Judge Farrell stated that he would not preside over Justice Workman's trial while the injunction was in place. The Senate met on October 15 and adjourned with no final decision on how to proceed being made. Senate President Mitch Carmichael announced after the session had adjourned that the Senate would ask the Supreme Court of Appeals to reconsider their decision, but after Loughry's resignation, further impeachment efforts against Workman were dropped.

===Trial of former Justice Davis===
Former Justice Davis' trial was scheduled to begin on October 29. However, the reconstituted Supreme Court of Appeals ruled on October 25 that the injunction blocking Justice Workman's trial also retroactively applied to Justice Davis' and Justice Loughry's trials. In light of the court's decision and Loughry's resignation, further impeachment efforts against Davis are doubtful.

===Trials of Justice Loughry===
====Impeachment====
The impeachment trial for Justice Loughry was set for November 12. However, the reconstituted Supreme Court of Appeals ruled on October 25 that the injunction blocking Justice Workman's trial also retroactively applied to Justice Davis' and Justice Loughry's trial. Delegate Andrew Byrd of Kanawha County, who is serving as one of the impeachment managers, is asking Gov. Jim Justice to call the House of Delegates into special session on November 11–13 to draft new impeachment articles against Loughry based solely on his federal criminal convictions (see below).

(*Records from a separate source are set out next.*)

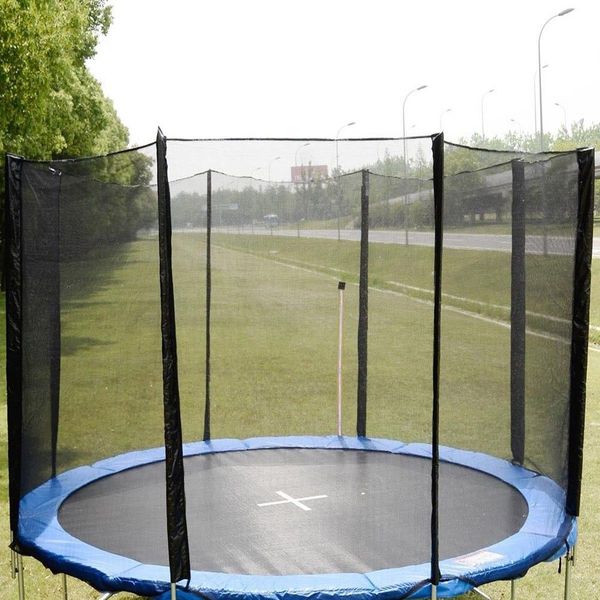 

12FT Round Trampoline Enclosure Safety Net Fence Replacement W/Sleeves 8 Poles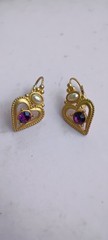 Vintage Gold Tone Matte Heart Leverback Drop Earrings Purple Rhinestone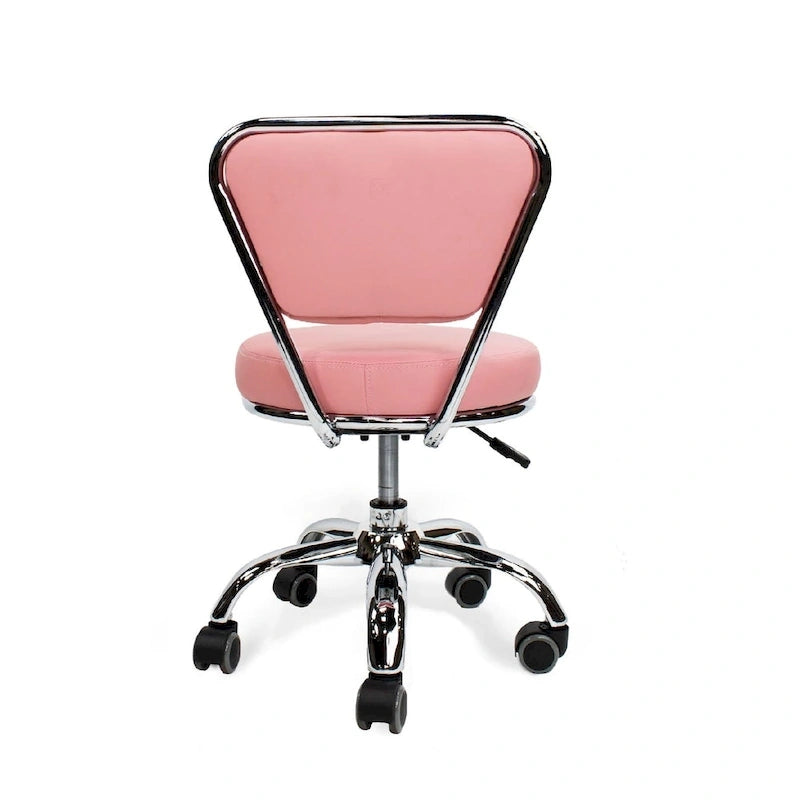 Tabouret de pédicure roulant réglable avec dossier, Rose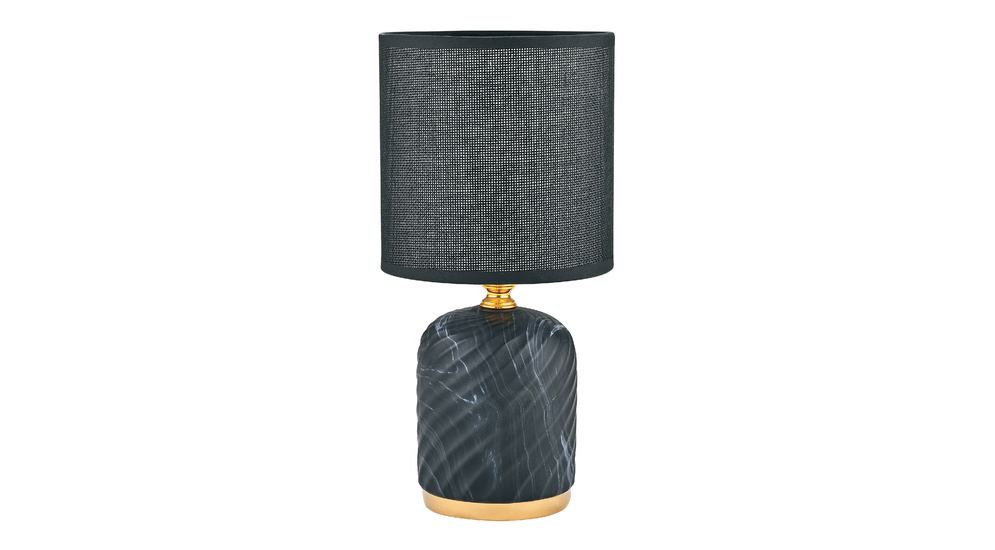 Lampa stołowa z ceramiczną podstawą, czarno złota do salony i sypialni.
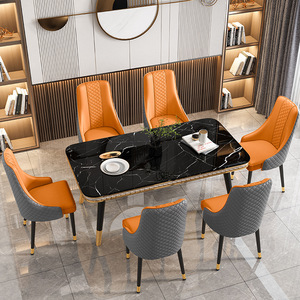 Chất Lượng Cao Da Sang Trọng Bằng Đá Cẩm Thạch Bàn Ăn Đặt 6 Chỗ Ngồi Biệt Thự Phòng Ăn Đồ Nội Thất Sang Trọng Bàn Ăn Và Ghế Đặt - Product Image 2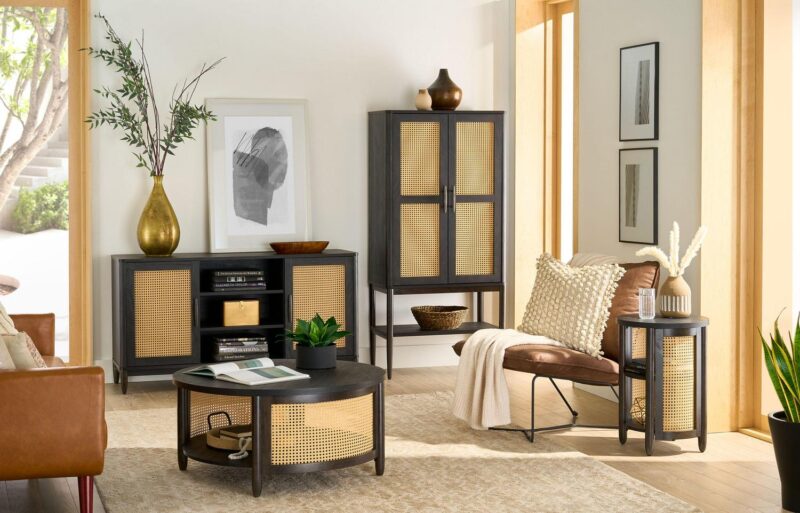 Better Homes and Gardens Springwood Caning Storage Cabinet, Charcoal Finish - Image 2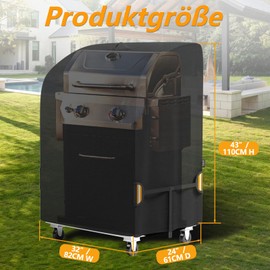 EVRBUL Weatherproof Gas Grill Cover 420D Grill Cover Fit for Nexgrill Weber Char-Broil and Other 2-Burner Gas Grills with Folding Side Shelf 82 x 61 x 110 cm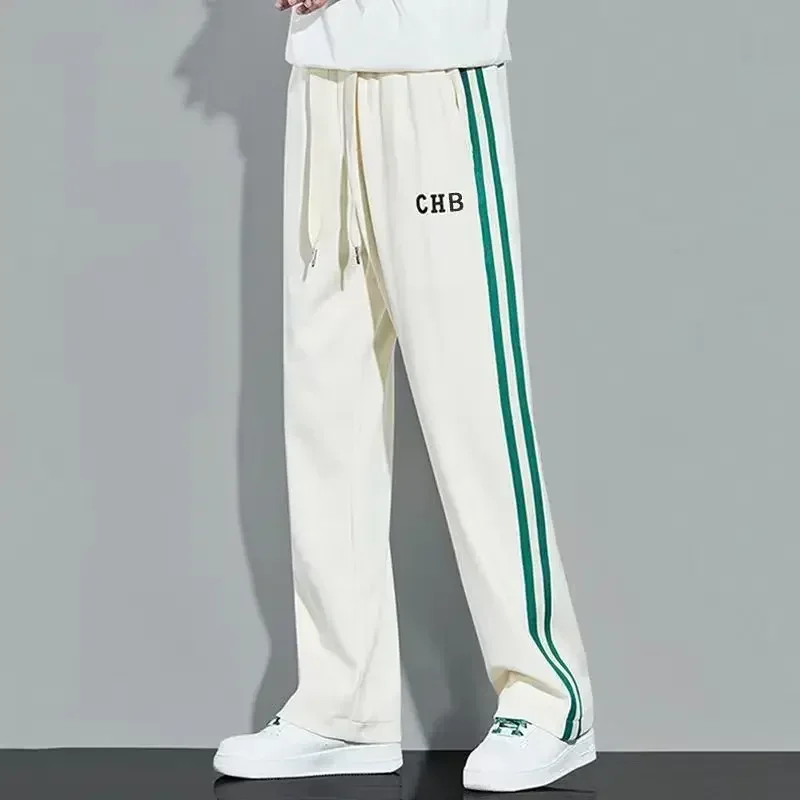 Fleece Thick Warm Straight Casual Pants Men Autumn Winter New Patchwork Striped Drawstring Waist Loose Versatile Sports Trousers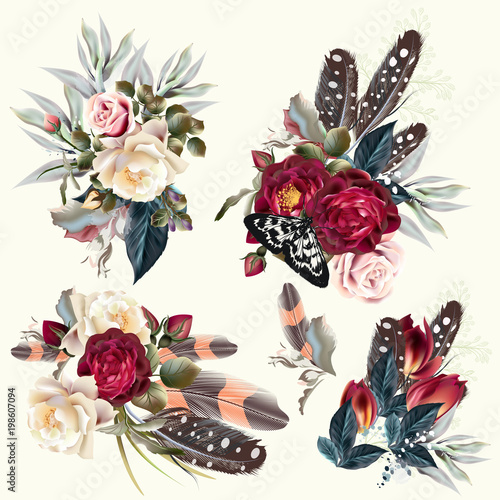 Boho fashion collection of vector flowers with feathers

====Federal criminal trial====
Justice Loughry's federal criminal trial began on October 2. This trial concluded on October 12 with Loughry being convicted of seven counts of wire fraud, one count of mail fraud, one count of witness tampering and two counts of lying to the FBI. The jury found Loughry not guilty on nine counts of wire fraud and two counts of mail fraud while they deadlocked on one count of wire fraud. Loughry, who remained on the court until resigning on November 12, 2018, was sentenced to 24 months in federal prison on February 13, 2019. He was released from FCI Williamsburg on December 19, 2020.

==Aftermath==
Justice Ketchum's seat and Justice Davis' seat were ultimately filled in separate special elections which were held alongside the 2018 general election on November 6, 2018. On August 25, 2018, Governor Jim Justice appointed Tim Armstead, former Speaker of the House of Delegates and Evan Jenkins, U.S. Representative for , to the two vacant seats until the special elections. Armstead took Ketchum's seat while Jenkins took Davis' seat with both having already filed to run in the November special elections. Armstead and Jenkins were required to observe a mandatory twenty day waiting period in which the members of the public can file official objections to the appointments prior to taking their seats. This waiting period ended on September 19, 2018. Armsted took the oath of office and assumed his seat on September 25, 2018, while Jenkins resigned from the House of Representatives on September 30, 2018, and took his seat on the court on October 1, 2018.

In accordance with Chapter 3, Section 10 of the West Virginia Code, any further vacancies were filled by interim justices appointed by Governor Justice. Barring any changes by the Legislature, these interim justices served until the primary election in May 2020, when a special election was held. This became the case with Loughry's resignation, as on December 12, 2018, Justice appointed John A. Hutchison, a lifelong friend and circuit judge in Raleigh County, to Loughry's vacated seat.